Three boys are having the time of their lives in the Palm Springs sunshine, treating spring training like summer camp. They carry equipment, bats nearly as tall as they are. They run sprints alongside California Angels players. Jimmie Reese, old as a grandfather but still a working coach, grabs a fungo bat, and the boys spend a blissful hour shagging flies, pretending they're major leaguers too. There's Timmy De Cinces, the third baseman's son. Aaron Boone, the son of the catcher. And David Newhan--shorter and scrawnier than the others--whose father, Ross, is the Angels beat writer for the Los Angeles Times.
It is 1983. A sportswriter's nine-year-old can still pull on a pair of spikes and take infield with the players' kids, and nobody will think to complain. In some ways a beat writer is an auxiliary member of the team he covers, bound to it by the desultory rhythms of the season. Players can be considered friends. When David's parents married in 1968--in January, so no games would be missed--half the ball club Ross was covering attended. "I have been officiating at this temple for many years," the rabbi intoned, "and this is the first time I've felt truly surrounded by Angels."
To be sure, Ross was on better terms with players than were most reporters in the '80s. He had a listener's ear and an ability to craft strongly flavored stories that even the touchiest ballplayers considered fair. (He would be inducted into the writers' wing of baseball's Hall of Fame in 2000.) "Ross was somebody I trusted," Doug De Cinces, the former Angel, says. "I'd give him my home phone number and say, 'If you need something verified, call me.'"
But the relationship between the beat writers and the teams was changing. The proliferation of media outlets was driving up the number of writers and broadcasters covering a team and increasing the competition among them to break stories. Editors raised the standards for journalistic integrity. "There was a trust between players and writers that was evaporating," Ross says. By the time David was a teen, poking around the clubhouse with the players' kids seemed unthinkable.
July 3, 2005
Back home, the scrawny baseball writer's son played Little League and spent his bar mitzvah money on a Pete Rose rookie card. He developed into a solid young player with an uncanny confidence in his ability. "I know I can hit," David would say. Never the star of his team, he persevered through high school, junior college and Division I ball. He was headed, he'd tell anyone who asked, for the major leagues.
ON A WARM afternoon at Fort Lauderdale Stadium in March, Ross Newhan sat behind home plate, among scouts and players' wives and club executives, watching his son play leftfield for the Baltimore Orioles. After nearly a decade of bouncing around the minors--from Modesto to Scranton to Oklahoma City, with five other stops--and getting a few looks in the majors, David, at 30, had caught on with Baltimore in June last season and hit .400 for much of the summer. He finished at .311 with 116 hits in 373 at bats, after going 14 for 86 in his four previous big league stints.

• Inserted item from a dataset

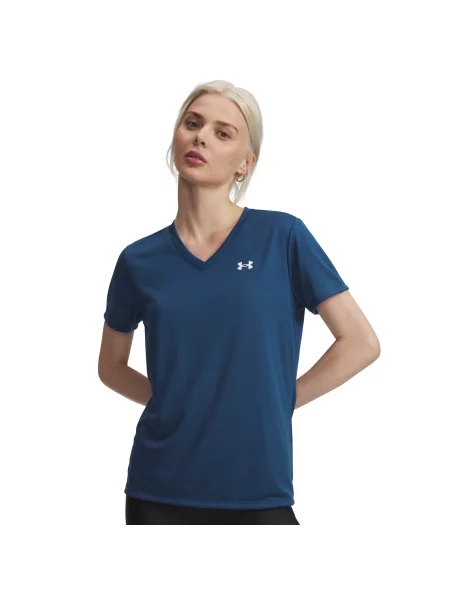 Tricou Under Armour albastru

Someone sitting behind Ross asked him how many other Hall of Famers had had the opportunity to watch their sons play baseball at the highest level. Having a keen appreciation for baseball history, Ross was intrigued. He nodded when George Sisler's name was raised, all but blushed when he forgot Tony Perez. "Connie Mack?" he offered. (Mack briefly managed his son Earle.)

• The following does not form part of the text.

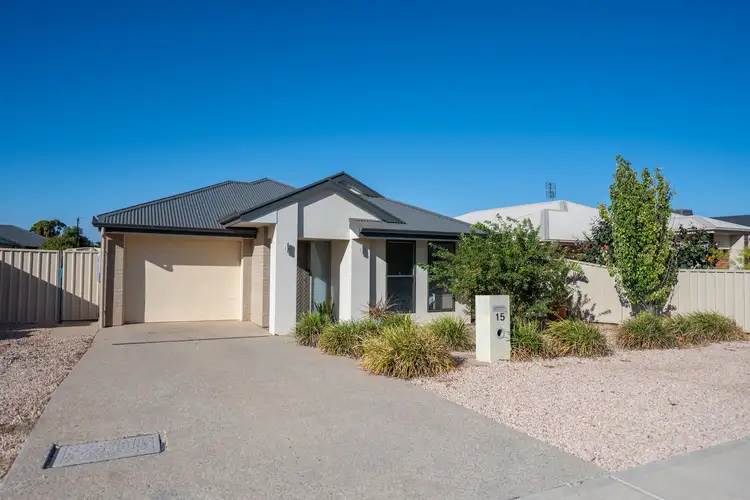 Second view of Homely house listing, 15 Daly Street, Wallaroo SA 5556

Yet being Ross, the idea that his accomplishments were the basis for the conversation disturbed him. He spent his career viewing life from the reporter's side of a notebook for a reason. "He avoids the spotlight," says Rick Monday, the former Dodgers outfielder and now a broadcaster for the team. "I can't think of anyone who would less want a story written about him. His ego could fit into a shaving kit."

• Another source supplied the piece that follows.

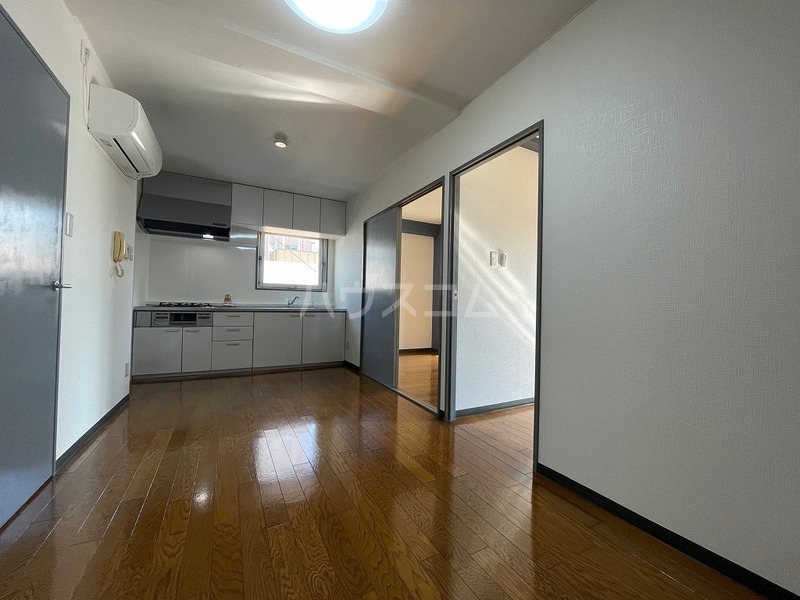 3/27 リビング/ダイニング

When David started playing professionally (he was a 17th-round draft pick of the Oakland A's in 1995) Ross went out of his way to avoid any appearance of a conflict. He even volunteered to step aside as the Times's national baseball writer, an assignment he'd been given in 1986. Could I write hard stories about the union, about umpires, about club officials? he wondered. He worried about how his career would affect David's. It might have been different for a player of overwhelming talent, a top draft pick, but David was a marginal prospect, someone who might easily be considered not worth the trouble if the wrong eyebrow was raised. Ross muttered, "Allen Iverson," when David came home with his first tattoo, but at some level Ross welcomed it. It meant David was becoming one of them.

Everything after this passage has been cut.